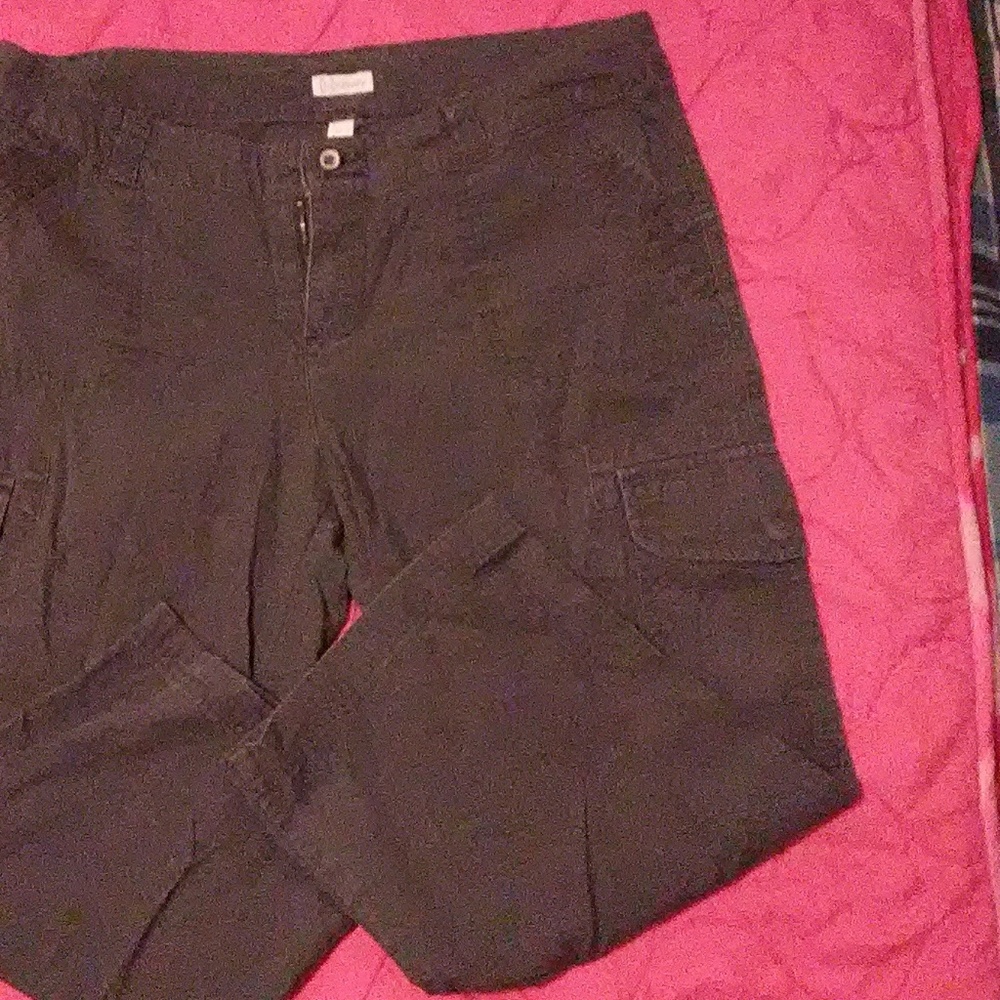 Capri pants - Picture 3 of 4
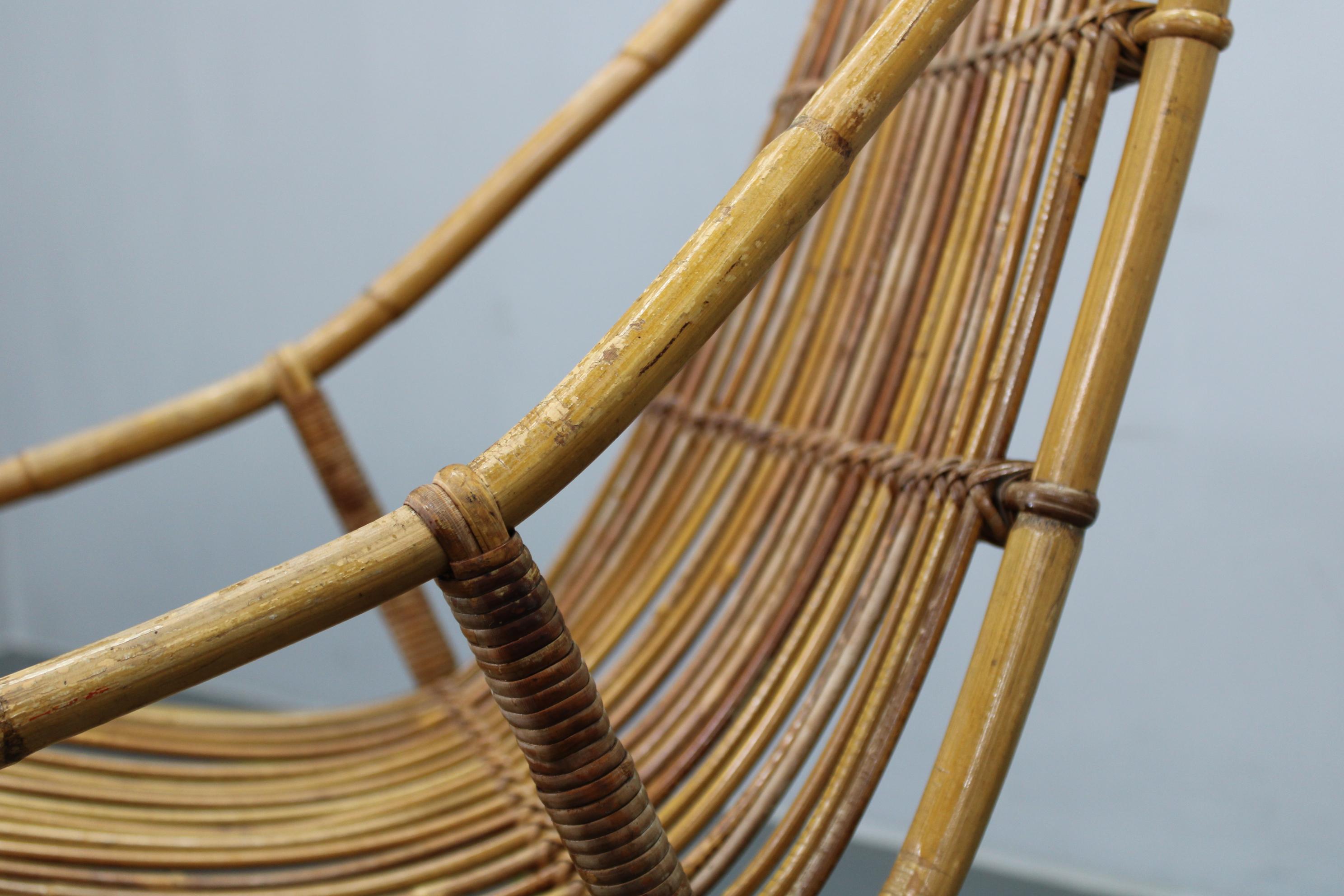 Raro par de sillones de ratán Alan Fuchs para ULUV, Checoslovaquia, años 60 en venta 1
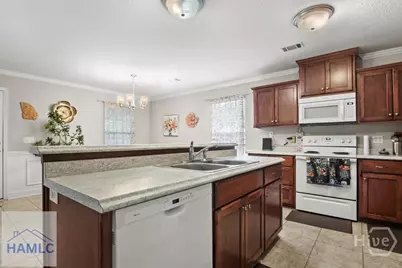 1117 Creekside Circle, Hinesville, GA 31313 - Photo 9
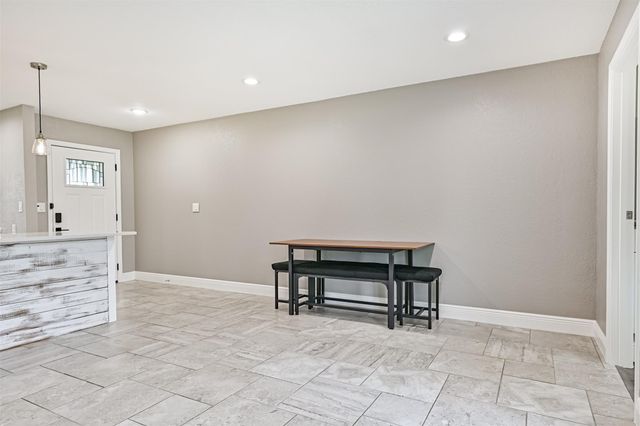 16502 Diana Lane, Houston, TX 77062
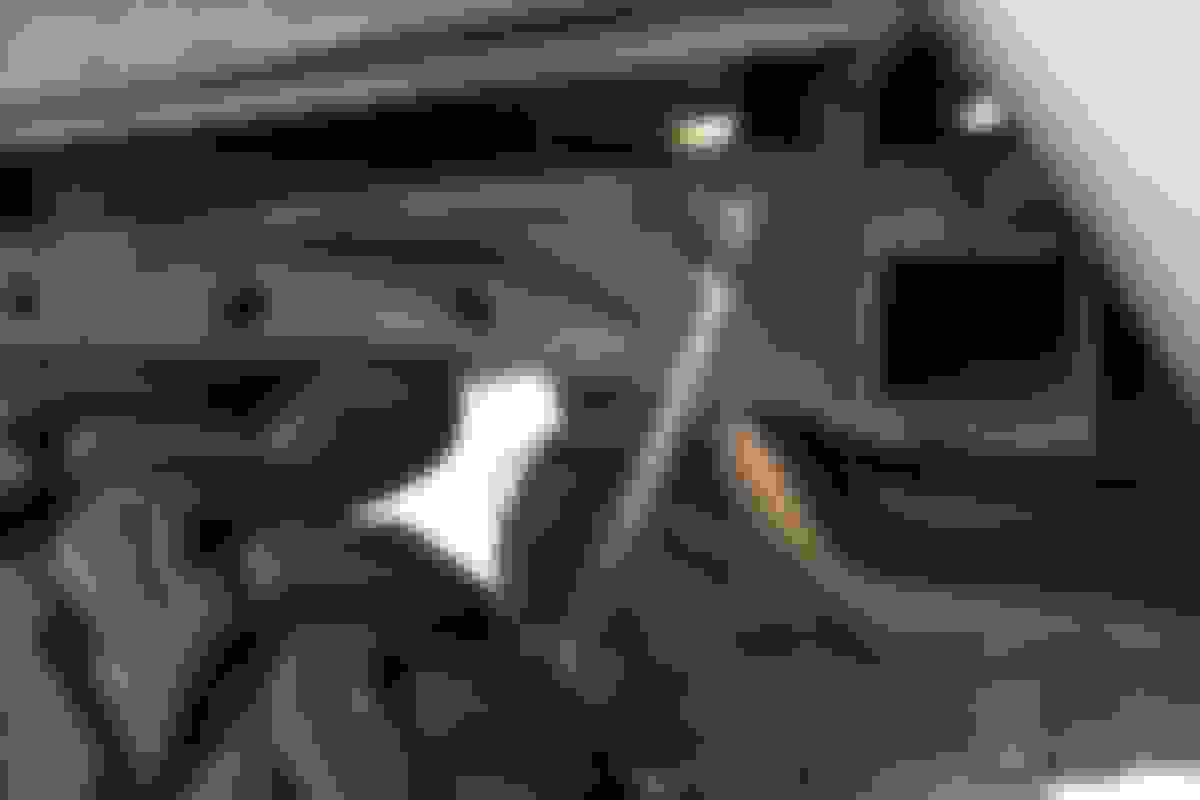 Fox 2.0 shocks installed in the rear, upside down? Ford F150 Forum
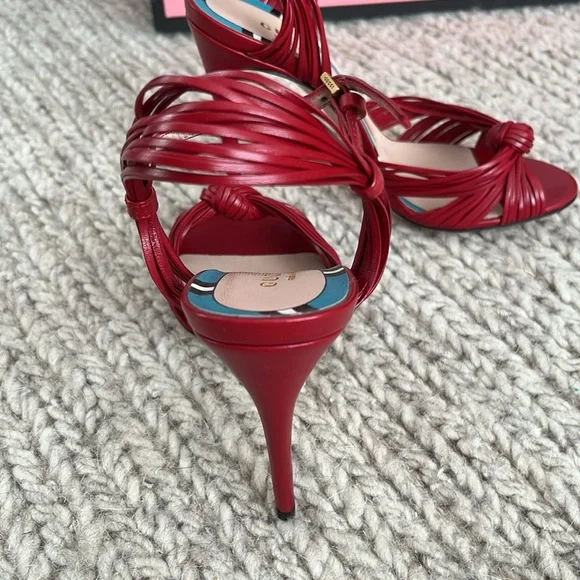 Gucci sandals Size 36 - Picture 3 of 6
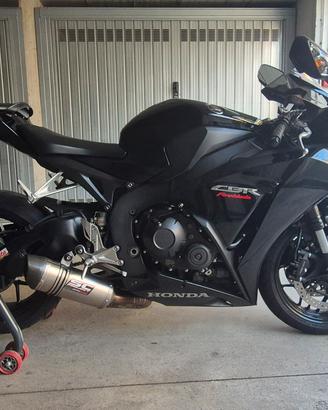 cbr 1000rr fireblade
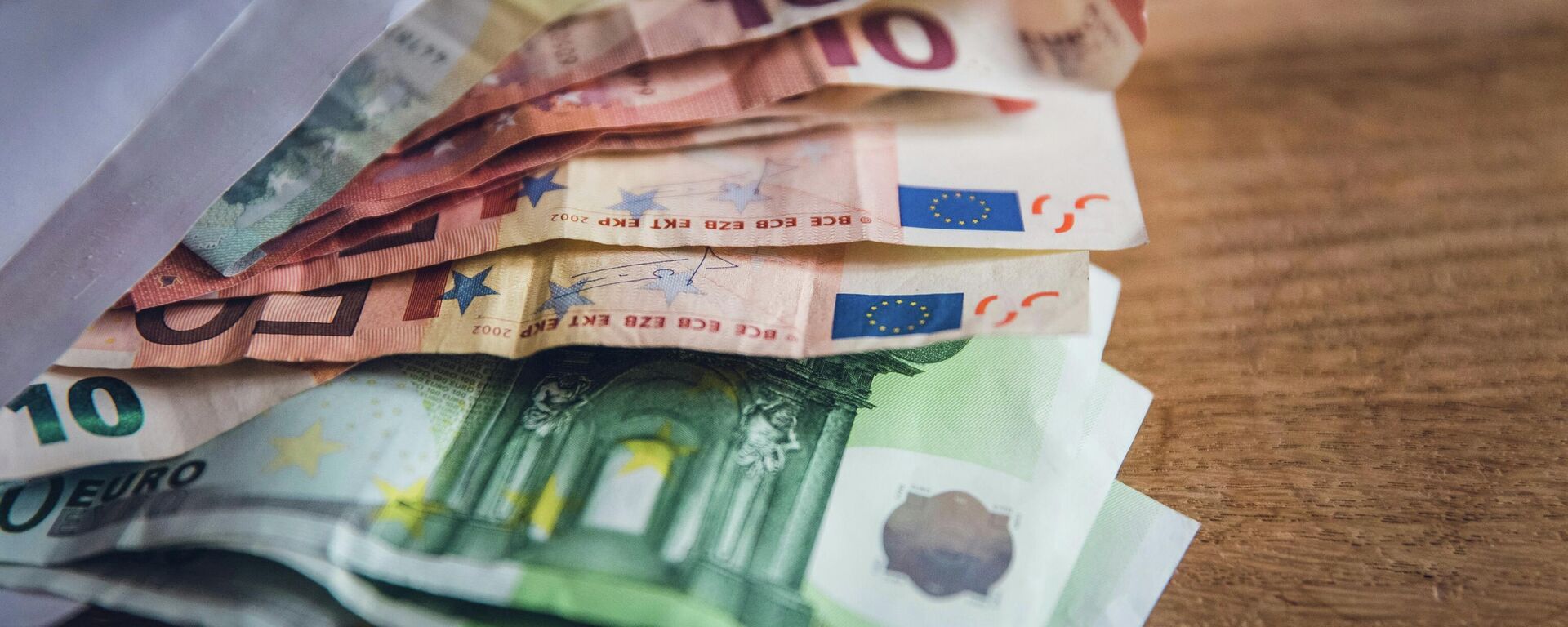 Euros  - Sputnik Mundo, 1920, 05.01.2026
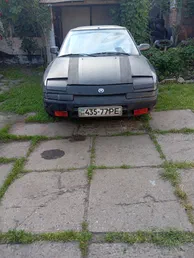 Mazda 323 1990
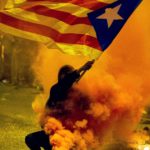 Le proteste sono arrivate anche a Girona. Qui un manifestante indipendentista sventola la bandiera catalana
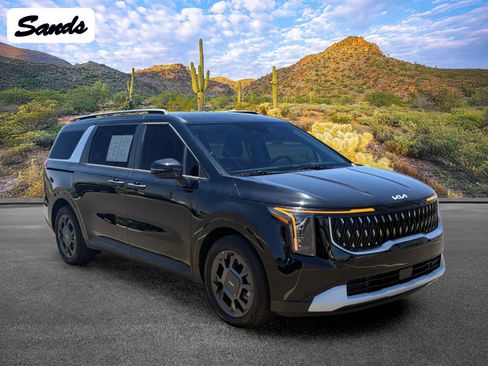 Certified 2025 Kia Carnival EX FWD image 1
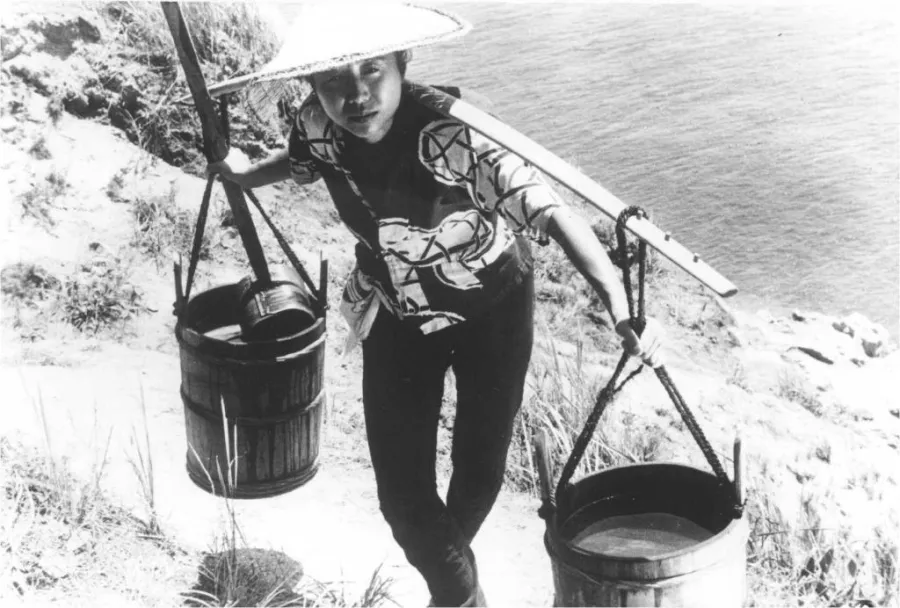 مشهد من الفيلم الياباني الجزيرة العارية.jpg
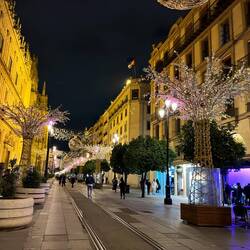 More of the catedral to the left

○ ○ ○

- How to complete this task -
Look through the material above. Transcribe exactly the lines between the ones with "1117 Creekside Circle, Hinesville, GA" and "Mazda 323 1990", inclusive, and keep pictures out.

- Response to the exercise -
 1117 Creekside Circle, Hinesville, GA 31313 - Photo 9
 16502 Diana Lane, Houston, TX 77062
 Fox 2.0 shocks installed in the rear, upside down? Ford F150 Forum
 Gucci sandals Size 36 - Picture 3 of 6
 cbr 1000rr fireblade
 Euros  - Sputnik Mundo, 1920, 05.01.2026
 Mazda 323 1990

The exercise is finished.